KANSAS CITY, Mo. — Culinarian Lauren Lane joins the FOX4 Morning Crew to prepare this easy, quick and delicious weeknight meal.
This one-pan dish will serve happy tummies and have easy cleanup, perfect for any night of the week.
- 12-ounce package whole wheat penne pasta
- 1 (24 ounces) jar pasta sauce (I use Rao’s)
- 2 1/2 cups water
- 1 pound of chicken (cut into small 1″ pieces)
- I teaspoon Italian seasoning
- 2 cups shredded mozzarella cheese
- 3/4 cup bread crumbs
- 1/2 cup Parmesan Reggiano cheese (grated)
- salt and pepper to taste
- Preheat oven to 425 degrees. Spray 9 x 13 baking dish with cooking spray.
- Add uncooked noodles, pasta sauce, water, chicken, Italian seasoning, and 1/2 cup mozzarella to the baking dish. Add a generous amount of salt and pepper. Mix ingredients together.

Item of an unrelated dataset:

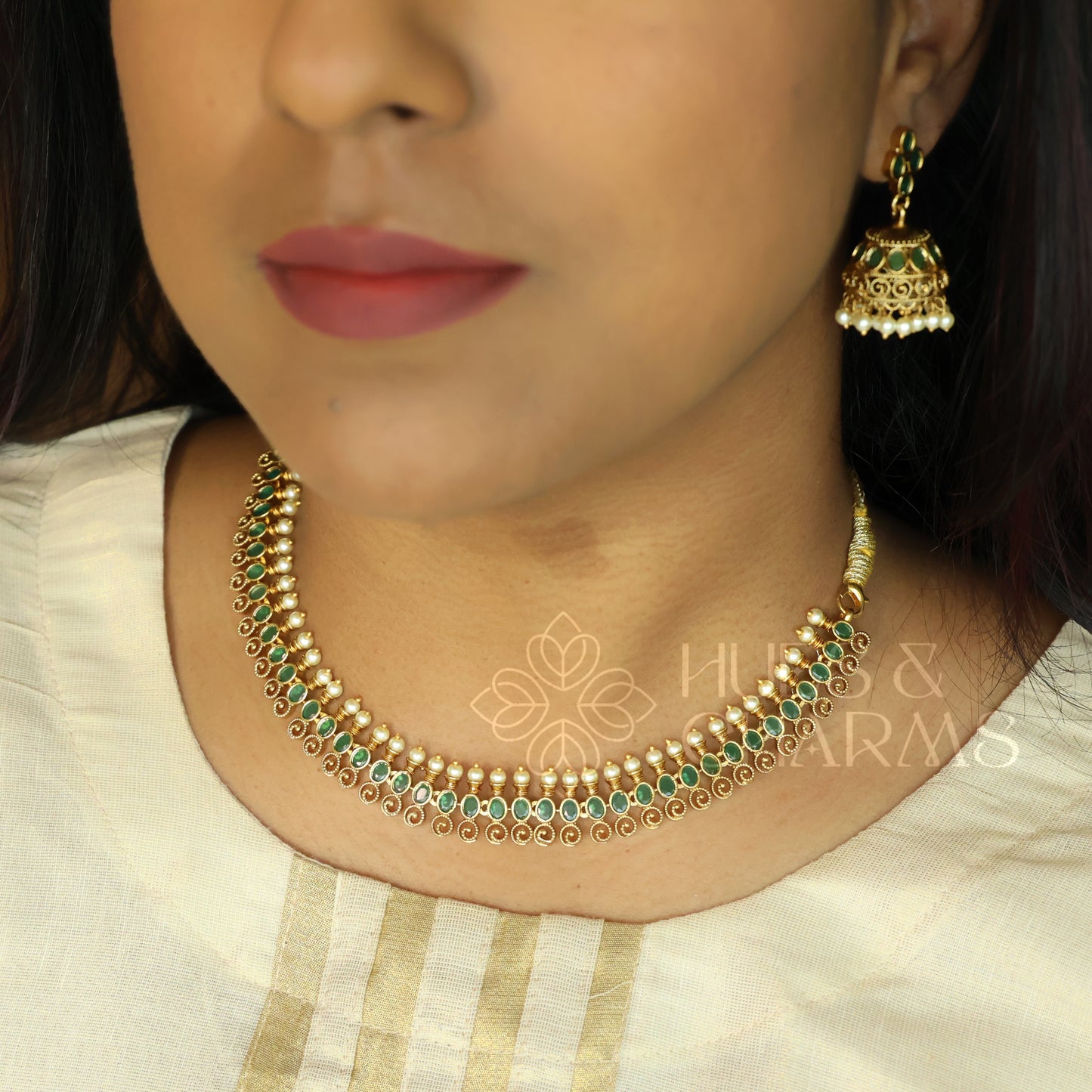 GOLDEN SIMPLE RATNA NECKLACE SET (Colours available)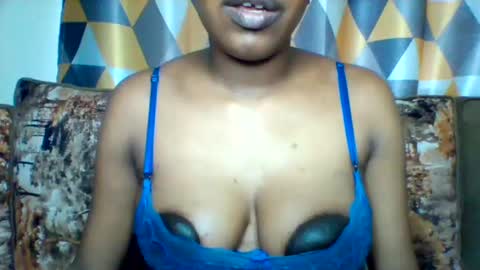 Snapshot of nubian_queen1033 chatting on September 2025 10:31:02 AM happie online show from September 2025 10:31:02 AM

- Cover dish tightly with aluminum foil and bake for 30 minutes. Uncover and bake for an additional 10 minutes or until pasta is al dente. (see note below)
- Remove from oven and stir well. Spread mozzarella cheese, then the breadcrumbs and Parmesan cheese over the pasta dish. Drizzle with olive oil if desired.
- Bake uncovered for 10 minutes or until cheese is melted and bread crumbs are golden brown.
- If after the first 40 minutes your pasta isn’t cooked through, continue cooking until desired tenderness is reached. If your dish looks dry, add a 1/4 cup of hot water, stir and continue cooking.
- Whenever there are so few ingredients, you should try to use quality ingredients. For example, grate your own Parmesan Reggiano. It’s so much better!
- This recipe can be halved—Bake in a 9×9 dish.
- Serve with a salad and crusty bread if desired.